Did you loose or ignore/adjust BB? Either could cause noise and power problems.
If dowels are in one piece or big chunks, please save them for now... I'm trying to find someone who can tell exactly what type and grade plastic is use by GM.
"Pivots Points?" you mean rest of lift assembly? They are dry plastic bearings and lube could make problems worse in long run. Maybe some dry Teflon could help. "Dry" lube won't be a dirt magnet.
I think Noise sound is in the motor(s). unplug the right to make sure.
Did dowels die? maybe Pieces are binding the gear(s). If Possible, Maybe the linkage is flipped... should be same as right HL lift. Both should not make that noise. Maybe flip link does if link is hitting lower lift "frame."

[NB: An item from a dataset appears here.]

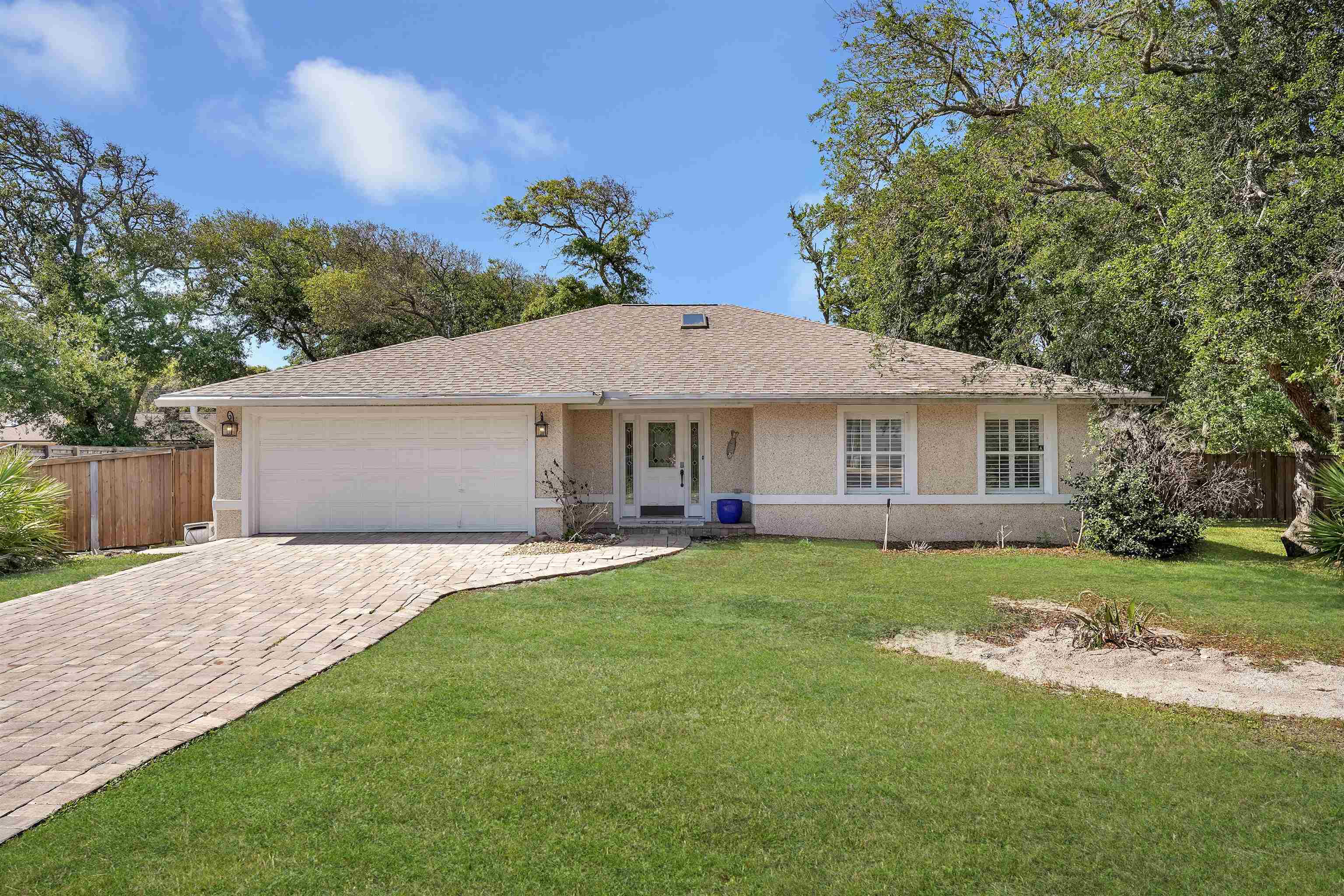 a front view of a house with a yard and trees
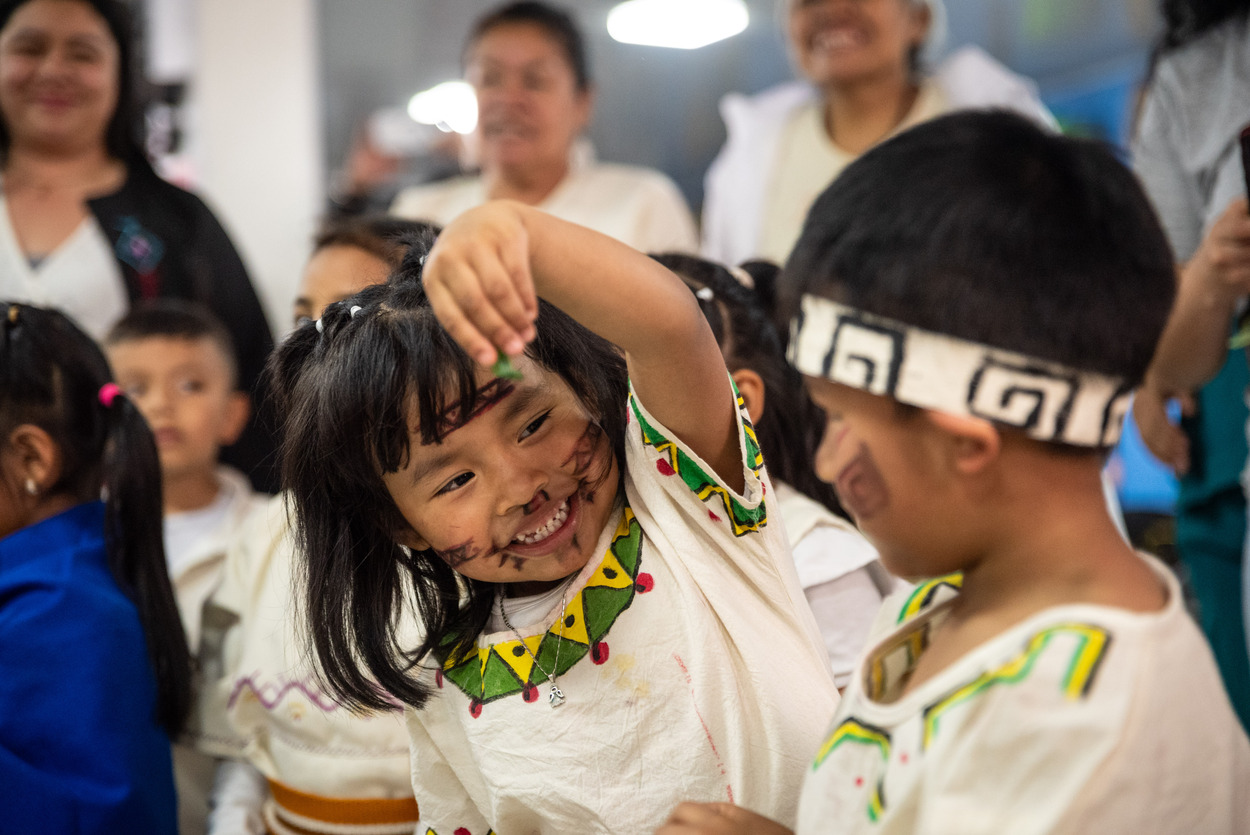 Foto de una niña y un niño indigena jugando felices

Did you loose or ignore/adjust BB? Either could cause noise and power problems.
If dowels are in one piece or big chunks, please save them for now... I'm trying to find someone who can tell exactly what type and grade plastic is use by GM.
The problem is just the drivers side. I had the same noises before I messed with it but it would go up all the way (well...whenever I loosened the adjustment knob). I took part of it apart (the part with the big gear). There weren't any dowels, just 3 big ball bearings. I replaced those with RDs delrin dowels. I'll try to flip the link in the morning. I didn't do anything to the adjustment BB. I was getting a little confused about that once I saw the 3 big BBs (ball bearings?) inside the big gear.

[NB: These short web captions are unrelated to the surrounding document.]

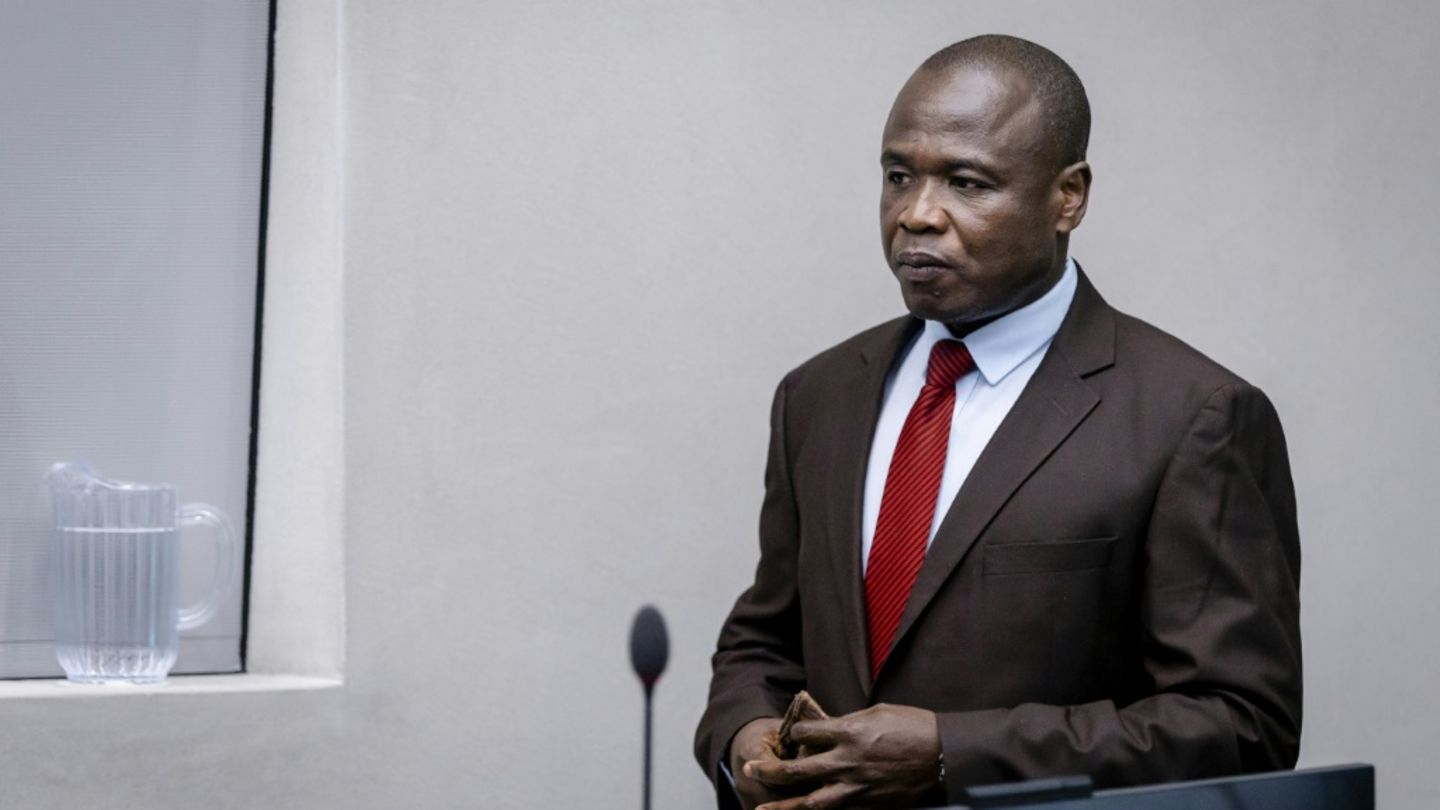 Dominic Ongwen trägt einen schwarzen Anzug und eine rote Krawatte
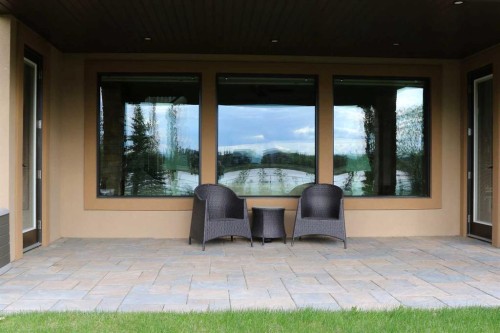 31 Montenaro Bay, Cochrane Lake, AB - Outdoor With Deck Patio Veranda With Exterior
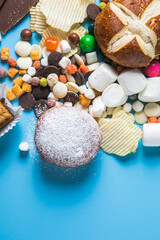 Unhealthy products. food bad for figure, skin, heart and teeth. Assortment of fast carbohydrates food with candy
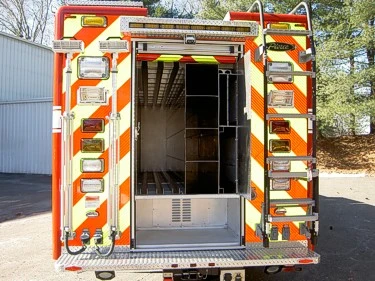 Rear view with rear compartment door open showing interior rescue storage bays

Originally posted by Monkeyman: The problem is just the drivers side. I had the same noises before I messed with it but it would go up all the way (well...whenever I loosened the adjustment knob). I took part of it apart (the part with the big gear). There weren't any dowels, just 3 big ball bearings. I replaced those with RDs delrin dowels. I'll try to flip the link in the morning. I didn't do anything to the adjustment BB. I was getting a little confused about that once I saw the 3 big BBs (ball bearings?) inside the big gear.

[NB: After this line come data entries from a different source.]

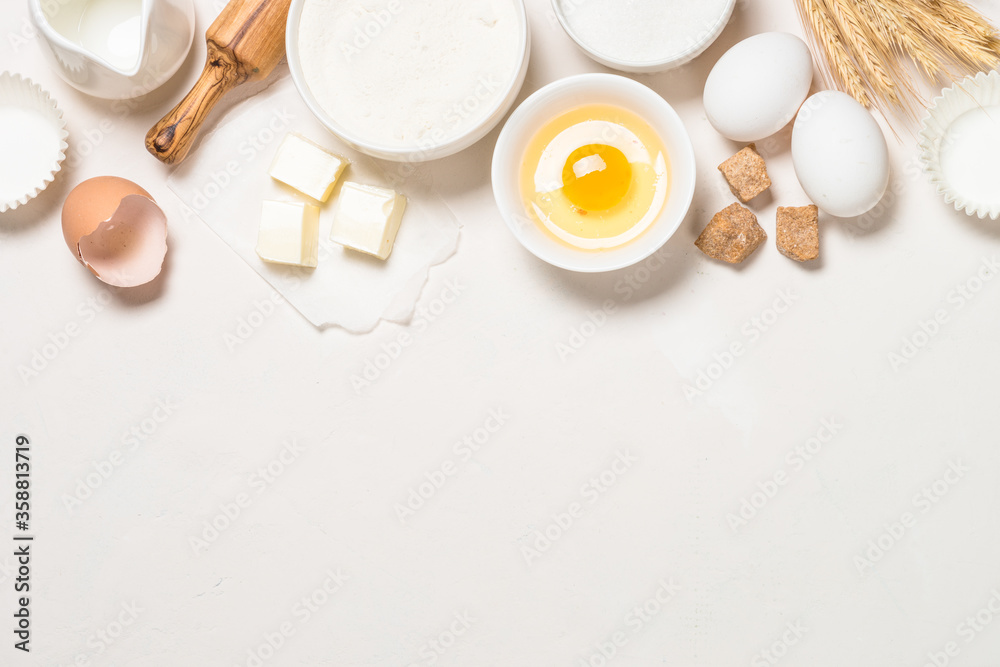 Fototapeta premium Baking ingredients at blue table top view.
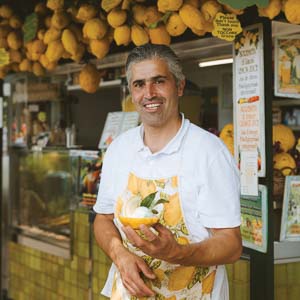Guy holding lemons
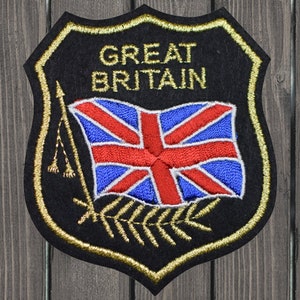 May include: A black felt patch with gold stitching in the shape of a shield. The patch features a gold embroidered Union Jack flag with the words "GREAT BRITAIN" above it. The flag is on a gold pole with a gold tassel. There are gold embroidered leaves at the bottom of the patch.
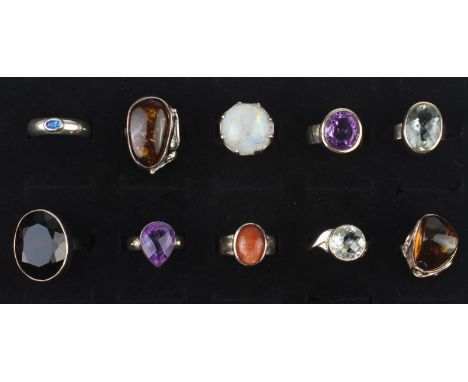 Ten mixed gemstone and sterling silver rings - of varying designs and settings, including rings set with Baltic Amber,&nbsp;A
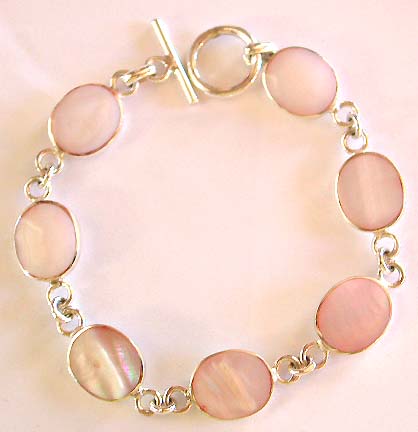 Multi oval shape white mother of pearl seashell forming sterling silver bracelet, toggle clasp to close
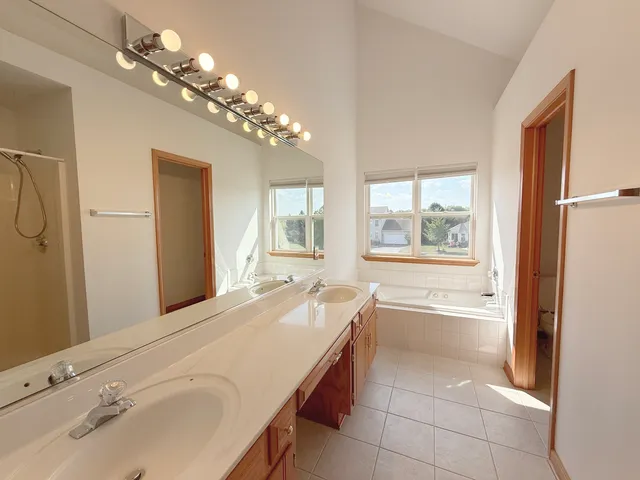 a spacious bathroom with a tub sink and a mirror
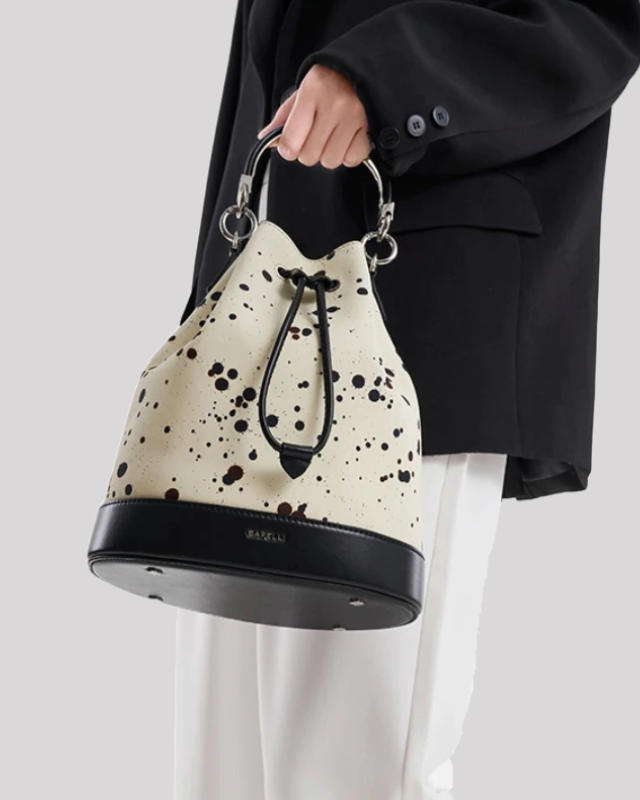 Model holding cream bucket bag by Bafelli with black paint splatter, black leather details and gold hardware top handle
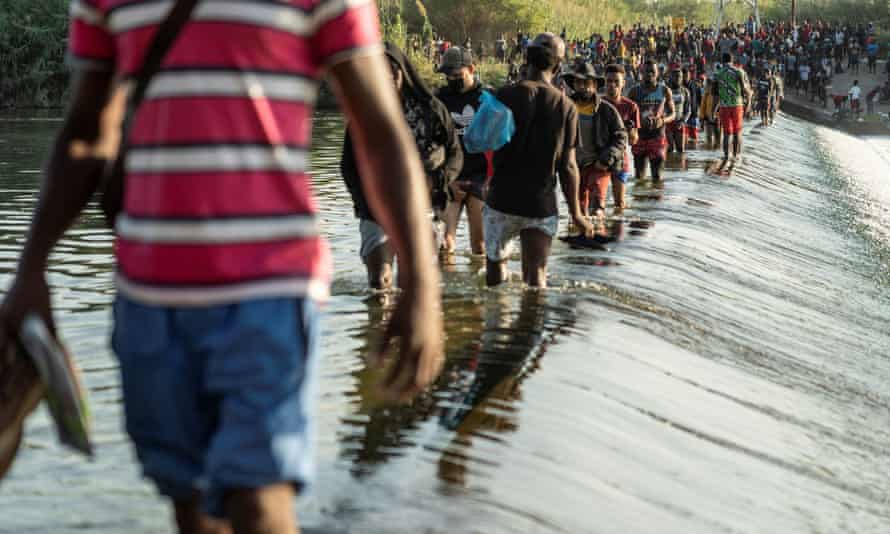 Migrants seeking asylum in the US walk in the Rio Grande River near the International Bridge between Mexico and the US, as they wait to be processed, in Ciudad Acuña, Mexico, on Thursday.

3 BB in big gear is likely PO had old dowels go bad. Likely other side has that too.
Like driver's side motor top has been messed up too. Is why the noise. (To make sure... Disconnect right motor to isolate the noise.)
Not following "motor top". What do I do with the bottom end of the motor? It IS just the left (drivers) side that's messed up. Passenger side has noise but isn't noisy (it that makes sense). Trying to figure out if I need to fix the current motor, buy a replacement motor, buy/fix the cage assembly or a combination of the above. If Danyel ever gets off his butt ( ) and makes some of those 60mm headlight housings, maybe I'll go that way but I'll still need the motor/assembly to work.
Sort of fixed the headlight today. I'm just gonna go with "something was loose". It goes up and down with MUCH less noise (and it goes up all the way) however...there's still some noise and it's a bit slower than the passenger side.
Should I completely disassemble the motor, clean all the old grease out and regrease everything? (Wouldn't be my first choice.) Or is there something else that would cause it to be a little slow?